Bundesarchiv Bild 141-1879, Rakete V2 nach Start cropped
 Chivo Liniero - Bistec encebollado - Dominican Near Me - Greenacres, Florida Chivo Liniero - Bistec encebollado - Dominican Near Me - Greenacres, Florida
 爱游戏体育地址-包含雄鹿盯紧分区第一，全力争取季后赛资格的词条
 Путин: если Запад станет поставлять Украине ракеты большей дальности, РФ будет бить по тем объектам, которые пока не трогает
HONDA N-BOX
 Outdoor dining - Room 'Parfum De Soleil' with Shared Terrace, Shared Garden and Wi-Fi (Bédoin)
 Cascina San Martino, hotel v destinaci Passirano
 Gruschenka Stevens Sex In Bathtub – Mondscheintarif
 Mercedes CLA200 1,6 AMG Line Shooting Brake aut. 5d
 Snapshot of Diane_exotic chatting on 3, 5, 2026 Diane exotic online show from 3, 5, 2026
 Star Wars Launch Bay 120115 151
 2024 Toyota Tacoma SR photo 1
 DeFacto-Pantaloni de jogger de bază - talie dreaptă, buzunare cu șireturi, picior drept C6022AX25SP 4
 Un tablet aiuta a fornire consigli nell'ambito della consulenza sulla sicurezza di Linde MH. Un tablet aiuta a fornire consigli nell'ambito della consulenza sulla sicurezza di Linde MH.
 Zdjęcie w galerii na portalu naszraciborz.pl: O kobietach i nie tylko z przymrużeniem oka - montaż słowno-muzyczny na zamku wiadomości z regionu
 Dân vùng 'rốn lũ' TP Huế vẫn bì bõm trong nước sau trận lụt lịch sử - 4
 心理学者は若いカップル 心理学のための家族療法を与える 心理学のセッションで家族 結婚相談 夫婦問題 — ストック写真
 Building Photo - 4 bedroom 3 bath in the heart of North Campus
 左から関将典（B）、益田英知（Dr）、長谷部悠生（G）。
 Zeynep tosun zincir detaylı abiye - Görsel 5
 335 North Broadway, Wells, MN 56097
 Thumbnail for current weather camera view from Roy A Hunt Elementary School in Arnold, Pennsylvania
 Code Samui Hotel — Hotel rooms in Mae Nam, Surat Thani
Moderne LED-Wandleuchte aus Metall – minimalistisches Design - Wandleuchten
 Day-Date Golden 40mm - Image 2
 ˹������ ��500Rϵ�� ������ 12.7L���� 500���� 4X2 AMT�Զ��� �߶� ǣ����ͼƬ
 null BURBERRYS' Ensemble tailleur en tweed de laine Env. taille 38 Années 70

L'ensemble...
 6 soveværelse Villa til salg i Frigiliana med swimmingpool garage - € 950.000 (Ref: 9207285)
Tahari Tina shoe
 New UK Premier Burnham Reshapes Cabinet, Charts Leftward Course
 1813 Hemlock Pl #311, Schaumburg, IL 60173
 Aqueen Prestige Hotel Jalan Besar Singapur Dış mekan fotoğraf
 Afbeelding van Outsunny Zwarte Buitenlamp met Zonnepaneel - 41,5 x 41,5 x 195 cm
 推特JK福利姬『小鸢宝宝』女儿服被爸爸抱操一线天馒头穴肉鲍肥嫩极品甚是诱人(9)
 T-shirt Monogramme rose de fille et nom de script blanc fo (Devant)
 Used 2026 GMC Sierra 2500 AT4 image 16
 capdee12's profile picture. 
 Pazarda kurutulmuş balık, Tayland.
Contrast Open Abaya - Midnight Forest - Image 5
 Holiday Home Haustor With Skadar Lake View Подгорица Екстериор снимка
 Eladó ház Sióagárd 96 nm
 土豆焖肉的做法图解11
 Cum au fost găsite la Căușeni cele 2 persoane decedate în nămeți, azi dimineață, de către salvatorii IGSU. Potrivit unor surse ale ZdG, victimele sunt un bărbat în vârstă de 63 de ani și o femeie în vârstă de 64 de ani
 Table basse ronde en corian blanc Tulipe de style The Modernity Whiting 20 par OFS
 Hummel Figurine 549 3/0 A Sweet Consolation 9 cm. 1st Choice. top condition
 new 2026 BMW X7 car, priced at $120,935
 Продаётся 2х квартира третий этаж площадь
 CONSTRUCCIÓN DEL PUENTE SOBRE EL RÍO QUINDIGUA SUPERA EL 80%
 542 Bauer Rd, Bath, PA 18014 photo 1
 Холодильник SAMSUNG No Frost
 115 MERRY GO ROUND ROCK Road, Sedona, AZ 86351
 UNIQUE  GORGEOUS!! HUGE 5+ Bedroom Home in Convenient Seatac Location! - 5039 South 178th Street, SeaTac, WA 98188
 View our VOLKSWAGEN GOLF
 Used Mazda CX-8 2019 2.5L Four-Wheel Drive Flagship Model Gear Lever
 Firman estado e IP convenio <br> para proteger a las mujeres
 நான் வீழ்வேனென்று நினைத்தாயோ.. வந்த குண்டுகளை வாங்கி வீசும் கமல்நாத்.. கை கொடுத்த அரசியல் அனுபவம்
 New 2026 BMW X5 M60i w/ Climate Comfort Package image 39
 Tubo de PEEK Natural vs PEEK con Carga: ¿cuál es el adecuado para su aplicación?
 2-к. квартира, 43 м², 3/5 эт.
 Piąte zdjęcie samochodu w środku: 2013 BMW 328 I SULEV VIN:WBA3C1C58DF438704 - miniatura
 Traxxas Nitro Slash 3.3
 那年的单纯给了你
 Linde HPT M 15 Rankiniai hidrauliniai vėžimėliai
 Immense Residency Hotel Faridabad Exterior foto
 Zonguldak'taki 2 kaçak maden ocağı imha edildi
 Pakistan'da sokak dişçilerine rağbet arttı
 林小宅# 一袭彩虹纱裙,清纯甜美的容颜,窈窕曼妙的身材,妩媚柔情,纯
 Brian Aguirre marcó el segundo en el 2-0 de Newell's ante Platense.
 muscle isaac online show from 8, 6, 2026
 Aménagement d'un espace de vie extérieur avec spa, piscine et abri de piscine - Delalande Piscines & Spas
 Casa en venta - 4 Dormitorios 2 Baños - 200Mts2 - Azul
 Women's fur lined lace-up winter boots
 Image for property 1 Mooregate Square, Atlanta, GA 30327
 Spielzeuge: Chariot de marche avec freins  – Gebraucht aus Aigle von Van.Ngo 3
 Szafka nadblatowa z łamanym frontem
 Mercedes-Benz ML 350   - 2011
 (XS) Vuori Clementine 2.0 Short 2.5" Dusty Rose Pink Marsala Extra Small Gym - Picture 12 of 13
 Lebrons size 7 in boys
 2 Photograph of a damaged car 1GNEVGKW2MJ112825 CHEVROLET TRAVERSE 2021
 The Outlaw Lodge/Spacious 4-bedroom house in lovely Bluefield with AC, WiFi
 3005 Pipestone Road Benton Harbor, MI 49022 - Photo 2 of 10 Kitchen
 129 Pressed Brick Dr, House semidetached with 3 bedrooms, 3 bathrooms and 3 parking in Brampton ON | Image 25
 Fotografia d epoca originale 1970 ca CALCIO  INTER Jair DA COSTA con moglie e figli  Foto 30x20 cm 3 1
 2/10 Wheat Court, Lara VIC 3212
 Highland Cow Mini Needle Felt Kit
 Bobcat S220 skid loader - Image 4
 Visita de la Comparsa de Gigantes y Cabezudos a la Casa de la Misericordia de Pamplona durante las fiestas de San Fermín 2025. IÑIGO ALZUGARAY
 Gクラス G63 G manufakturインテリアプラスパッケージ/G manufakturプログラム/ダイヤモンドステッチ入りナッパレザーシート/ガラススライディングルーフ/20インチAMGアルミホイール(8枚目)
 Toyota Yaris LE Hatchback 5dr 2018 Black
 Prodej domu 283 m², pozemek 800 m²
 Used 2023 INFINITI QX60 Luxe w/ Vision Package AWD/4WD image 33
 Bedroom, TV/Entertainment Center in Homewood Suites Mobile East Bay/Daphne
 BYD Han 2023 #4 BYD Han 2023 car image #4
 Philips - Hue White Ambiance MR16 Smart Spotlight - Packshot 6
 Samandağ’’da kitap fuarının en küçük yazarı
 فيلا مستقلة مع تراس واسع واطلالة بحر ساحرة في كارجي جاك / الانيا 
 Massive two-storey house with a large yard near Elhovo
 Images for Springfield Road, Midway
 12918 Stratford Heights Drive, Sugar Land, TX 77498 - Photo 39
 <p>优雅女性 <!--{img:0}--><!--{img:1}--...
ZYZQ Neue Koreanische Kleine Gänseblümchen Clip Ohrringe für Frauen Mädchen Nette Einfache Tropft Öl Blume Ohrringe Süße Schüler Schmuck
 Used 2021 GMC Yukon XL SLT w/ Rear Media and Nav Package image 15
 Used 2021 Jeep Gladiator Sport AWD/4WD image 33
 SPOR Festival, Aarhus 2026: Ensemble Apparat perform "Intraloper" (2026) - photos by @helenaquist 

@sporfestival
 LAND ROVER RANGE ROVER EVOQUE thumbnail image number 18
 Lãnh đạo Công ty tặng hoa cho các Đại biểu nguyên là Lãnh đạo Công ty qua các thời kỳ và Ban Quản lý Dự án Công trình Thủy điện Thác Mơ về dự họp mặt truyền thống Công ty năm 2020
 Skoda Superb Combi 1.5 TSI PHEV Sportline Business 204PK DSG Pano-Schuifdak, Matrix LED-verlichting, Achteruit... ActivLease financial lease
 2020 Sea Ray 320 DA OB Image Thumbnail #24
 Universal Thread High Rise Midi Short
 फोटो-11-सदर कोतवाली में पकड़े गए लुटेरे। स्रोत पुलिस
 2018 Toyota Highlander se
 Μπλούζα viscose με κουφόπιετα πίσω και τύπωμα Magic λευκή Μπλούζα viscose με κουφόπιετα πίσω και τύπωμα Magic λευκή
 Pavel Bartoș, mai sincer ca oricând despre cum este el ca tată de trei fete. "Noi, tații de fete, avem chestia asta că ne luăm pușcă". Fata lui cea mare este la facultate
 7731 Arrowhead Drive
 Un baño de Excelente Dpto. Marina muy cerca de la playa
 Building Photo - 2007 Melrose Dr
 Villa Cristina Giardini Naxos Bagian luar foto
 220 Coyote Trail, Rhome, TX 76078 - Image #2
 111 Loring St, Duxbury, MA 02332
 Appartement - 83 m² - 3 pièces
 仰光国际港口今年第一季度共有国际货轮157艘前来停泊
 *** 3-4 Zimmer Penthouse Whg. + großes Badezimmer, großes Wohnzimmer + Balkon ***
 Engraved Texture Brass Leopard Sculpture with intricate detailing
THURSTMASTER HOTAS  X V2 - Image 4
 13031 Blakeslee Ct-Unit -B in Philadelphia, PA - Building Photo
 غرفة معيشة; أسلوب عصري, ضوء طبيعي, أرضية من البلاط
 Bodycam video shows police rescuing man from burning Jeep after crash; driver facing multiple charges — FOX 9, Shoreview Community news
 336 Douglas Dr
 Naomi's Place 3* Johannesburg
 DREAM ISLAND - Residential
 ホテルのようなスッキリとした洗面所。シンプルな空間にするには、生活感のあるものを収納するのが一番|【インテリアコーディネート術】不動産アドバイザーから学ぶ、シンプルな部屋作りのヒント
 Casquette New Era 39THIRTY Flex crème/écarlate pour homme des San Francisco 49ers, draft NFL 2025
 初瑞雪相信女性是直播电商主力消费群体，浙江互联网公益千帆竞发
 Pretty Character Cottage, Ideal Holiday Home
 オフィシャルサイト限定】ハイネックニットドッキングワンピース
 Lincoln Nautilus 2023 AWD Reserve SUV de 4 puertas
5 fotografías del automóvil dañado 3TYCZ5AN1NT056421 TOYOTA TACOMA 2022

Required action - Filter the records for the string "квартира" and copy every line that holds it.

Exercise result -
 Продаётся 2х квартира третий этаж площадь
 2-к. квартира, 43 м², 3/5 эт.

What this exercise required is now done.